Europe Politics

Catalan separatists threaten to derail Spain's budget which could lead to new elections

Key Points
  • Catalan separatist parties are threatening to upend the Spanish government's 2019 budget proposal.
  • The move could potentially prompt snap elections in the country.
  • Catalan separatist leaders are about to go on trial.
People wave Catalan separatist flags during a demonstration organised by Catalan pro-independence movements ANC (Catalan National Assembly) and Omnium Cutural, following the imprisonment of their two leaders Jordi Sanchez and Jordi Cuixart, in Barcelona, Spain, October 21, 2017.
Gonzalo Fuentes | Reuters

Catalan separatist parties are threatening to upend the Spanish government's 2019 budget proposal, a move that could potentially prompt snap elections in the country.

Catalan pro-independence parties — the Republican Left of Catalonia (ERC) and the Catalan European Democratic Party (PDeCAT) — said Monday that they would file parliamentary amendments opposing the government's 2019 budget proposal unless Spanish Prime Minister Pedro Sanchez made concessions on the thorny subject of Catalan independence.

While PDeCAT wants the government to launch a nationwide dialogue between political parties "to address politically the Catalan issue," parliamentary spokesperson Carles Campuzano told Reuters Monday, the ERC meanwhile has requested an authorized referendum on the region's independence.

Sanchez presides over a minority Socialist government in the southern European country and he relies on the support of Catalan nationalist parties, the populist Podemos party and other smaller regional parties to pass legislation.

If the secessionists' amendments are not withdrawn, and if they are approved by a majority in Parliament, the entire budget bill cannot be discussed and would effectively be derailed. This would pressure Sanchez's minority government into calling a snap election, something the prime minister has already mooted as a possibility.

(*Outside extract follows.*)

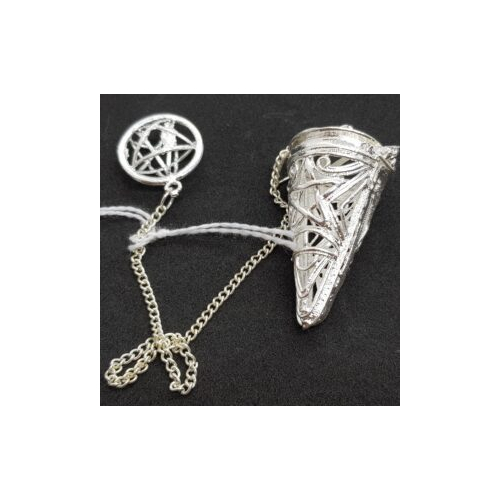 white metal witness pendulum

"A failed budget vote could potentially open the door to early general elections, the timing of which is still unclear," Antonio Barroso, deputy director of research at Teneo Intelligence, said in a note Tuesday.

Crucially, February 12 is the last day that pro-independence parties can withdraw their amendments to the draft budget. It is also the day when a high-profile trial against a group of Catalan separatist leaders who were involved in the 2017 push for independence begins.

2017 referendum

In late 2017, Catalonia held a referendum on independence that was deemed illegal by the Spanish government. A large majority of Catalans voted for independence but with a low voter turnout. A constitutional crisis followed and the movement was clamped down on by the government. A number of separatist leaders fled Spain or were arrested and imprisoned, causing widespread controversy.

Spain's public prosecutor is now seeking prison terms of up to 25 years on charges of rebellion and misuse of public funds for their role in the failed independence attempt.

Who wants independence in Europe?
Who wants independence in Europe?

Teneo Intelligence's Barroso said he believed the decision by secessionists to present amendments to the budget bill and the timing of the trials was crucial — and could prevent the pro-independence parties from being able to backtrack on their amendments blocking the draft budget.

"The imminent start of the trial of the secessionist politicians (on February 12) has put the Catalan issue again under the spotlight, leading to protests by the pro-independence movement and increasing the pressure on separatist parties to toughen their stance towards Madrid," he said.

Sanchez in a difficult position

"While they might still make a last-minute U-turn, the upcoming trial of separatist politicians might make it difficult for them to support the budget," he said, noting that "the images of the separatist politicians in front of the judge (the trial will be live-streamed) and the likely demonstrations in Catalonia could be too much for the secessionist parties to support the PSOE (the ruling Socialist Workers' Party) government."

Sanchez is in a difficult position, wary of conceding too much ground to pro-independence parties. As such, the administration's strategy is to adopt steps that can allow the secessionists to claim they are making advances on the political front while limiting the potential for attacks from the opposition, Barroso noted.

"The government is refraining from proposing measures (such as a self-determination referendum) that would divide the ruling Socialist Workers' Party (PSOE) internally and expose Sanchez to the attacks of Ciudadanos and the People's Party," he said.